■ **SOURCE DATA**:
------------------------------

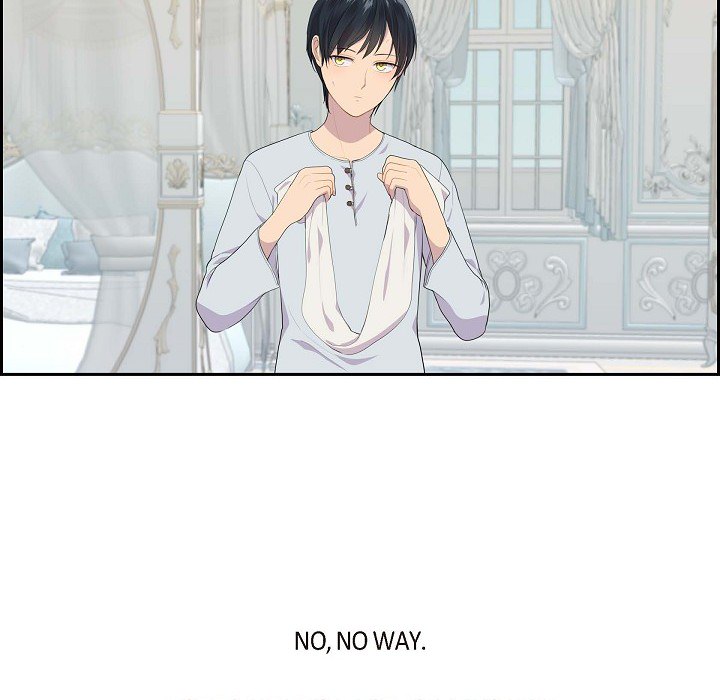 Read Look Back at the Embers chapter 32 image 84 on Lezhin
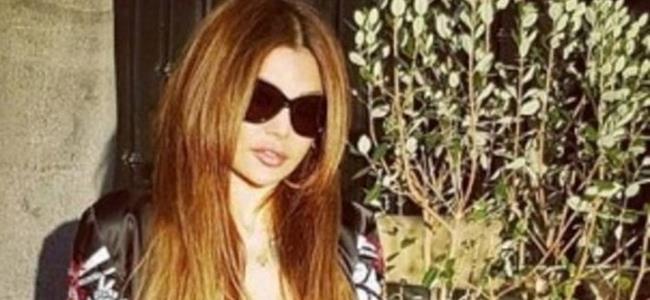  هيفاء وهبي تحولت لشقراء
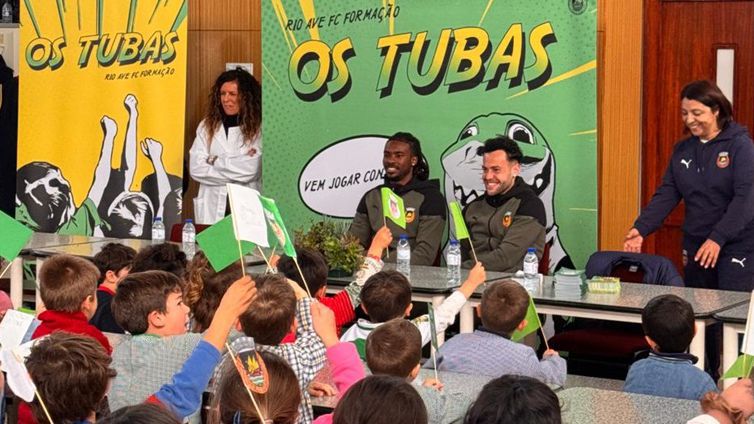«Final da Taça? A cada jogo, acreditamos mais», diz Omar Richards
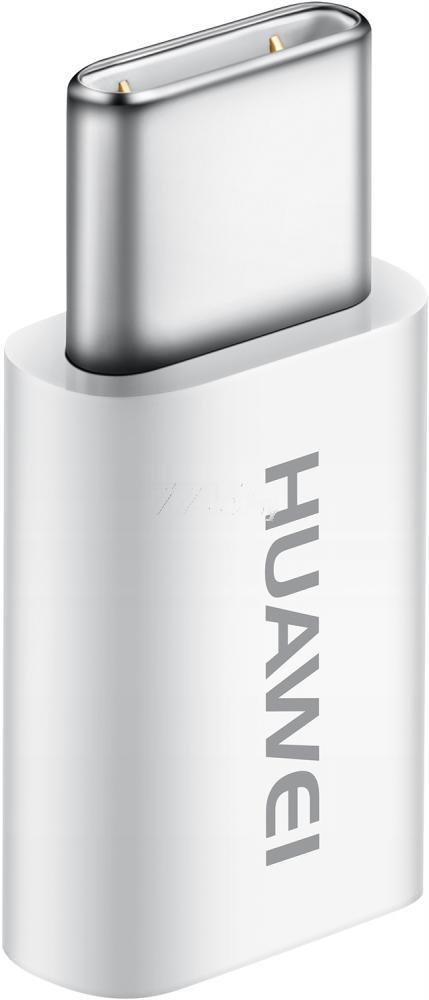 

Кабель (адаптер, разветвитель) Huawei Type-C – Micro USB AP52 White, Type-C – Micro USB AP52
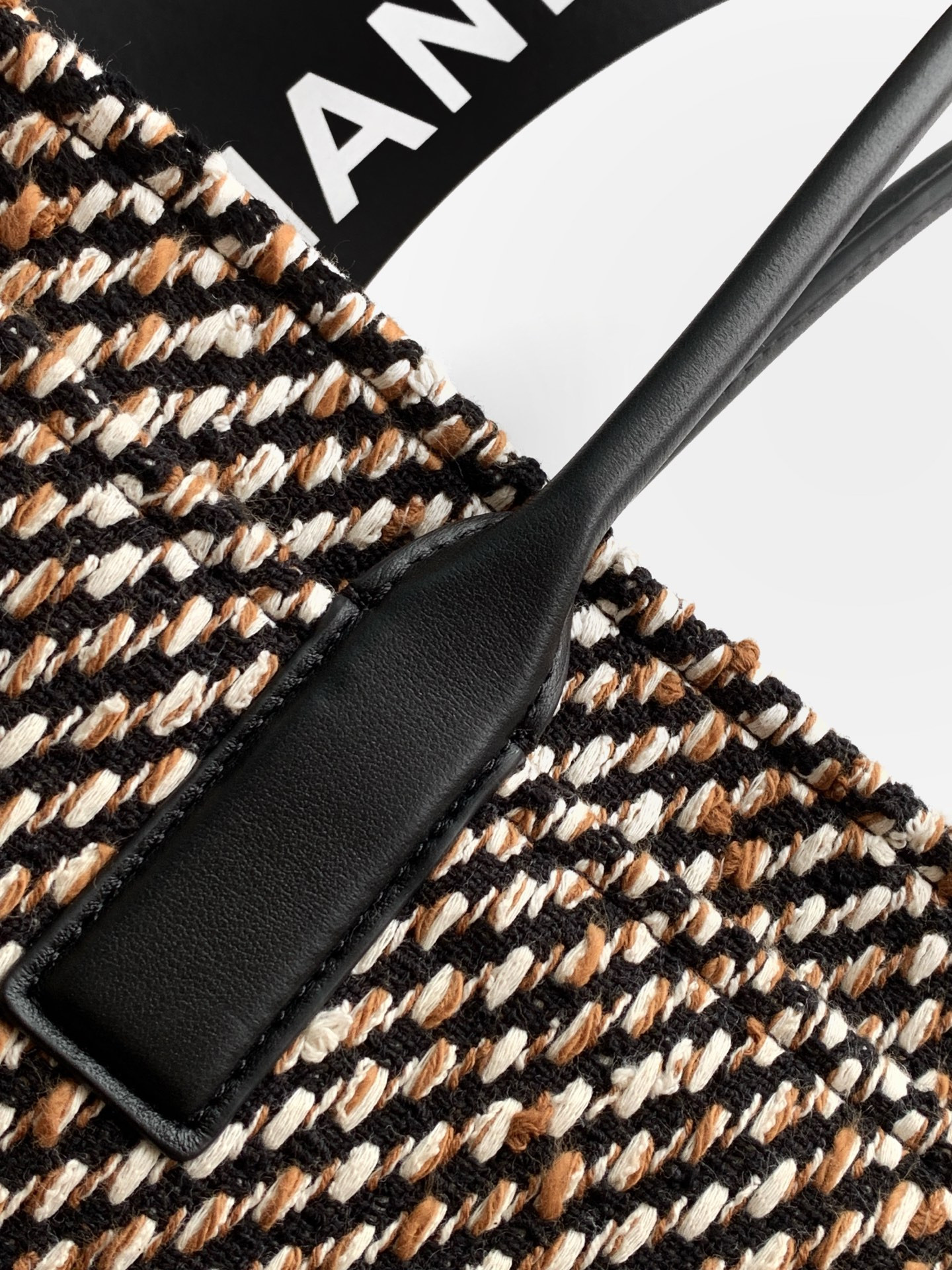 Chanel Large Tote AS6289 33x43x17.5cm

------------------------------

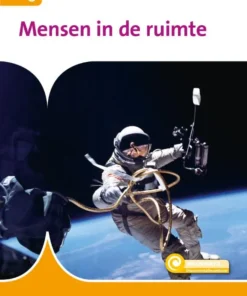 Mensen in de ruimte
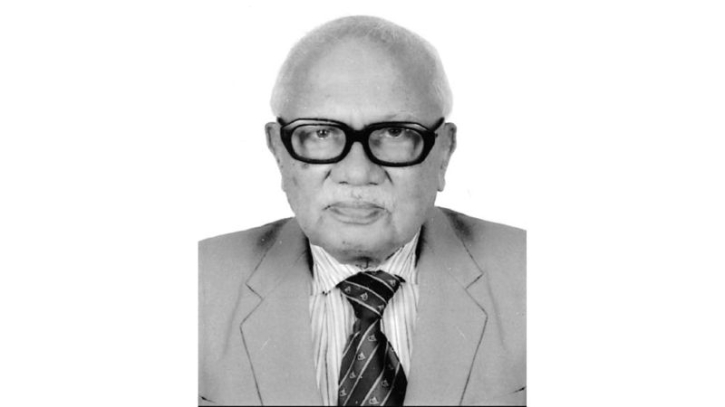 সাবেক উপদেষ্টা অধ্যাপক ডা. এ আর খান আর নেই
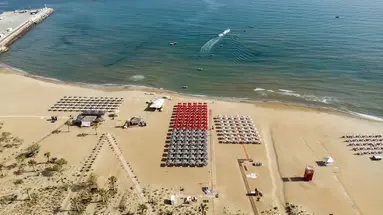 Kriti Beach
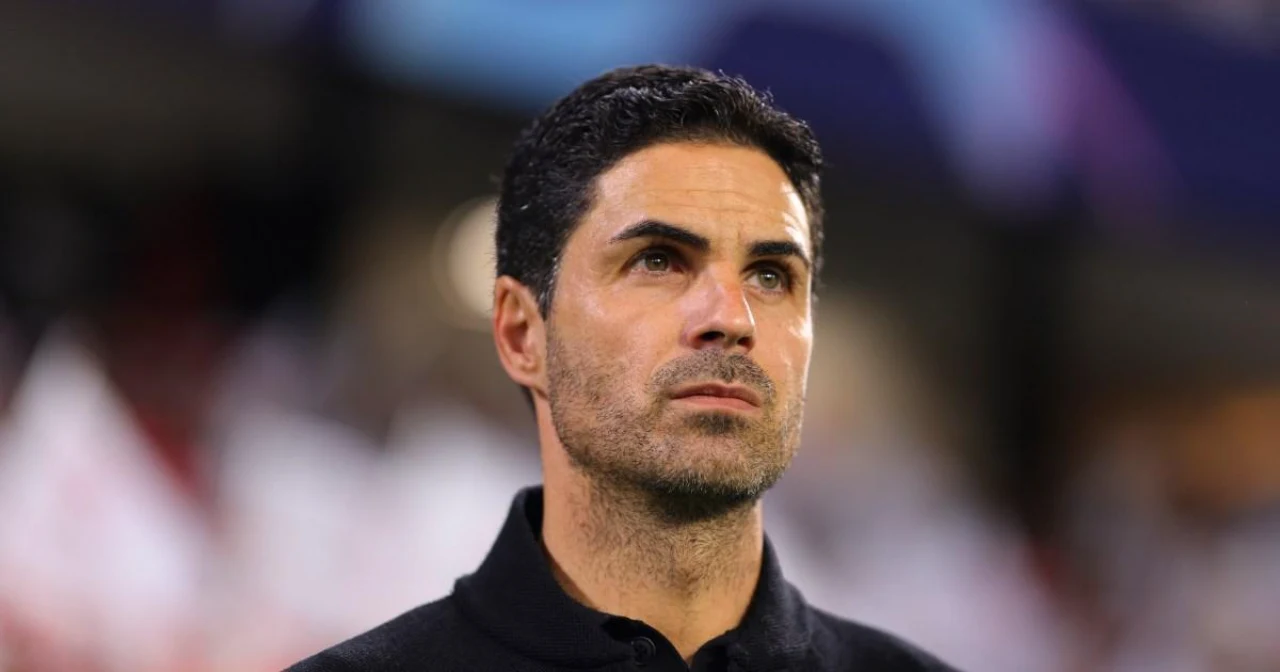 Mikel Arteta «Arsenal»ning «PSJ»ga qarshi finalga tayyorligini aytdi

------------------------------

■ **YOUR OBJECTIVE**: Your answer must be everything above from the line with "هيفاء وهبي تحولت لشقراء" down to the line with "Chanel Large Tote AS6289 33x43x17.5cm", word for word, and no pictures.

■ **REPLY TO THE EXERCISE**:
  هيفاء وهبي تحولت لشقراء
«Final da Taça? A cada jogo, acreditamos mais», diz Omar Richards

Кабель (адаптер, разветвитель) Huawei Type-C – Micro USB AP52 White, Type-C – Micro USB AP52
 Chanel Large Tote AS6289 33x43x17.5cm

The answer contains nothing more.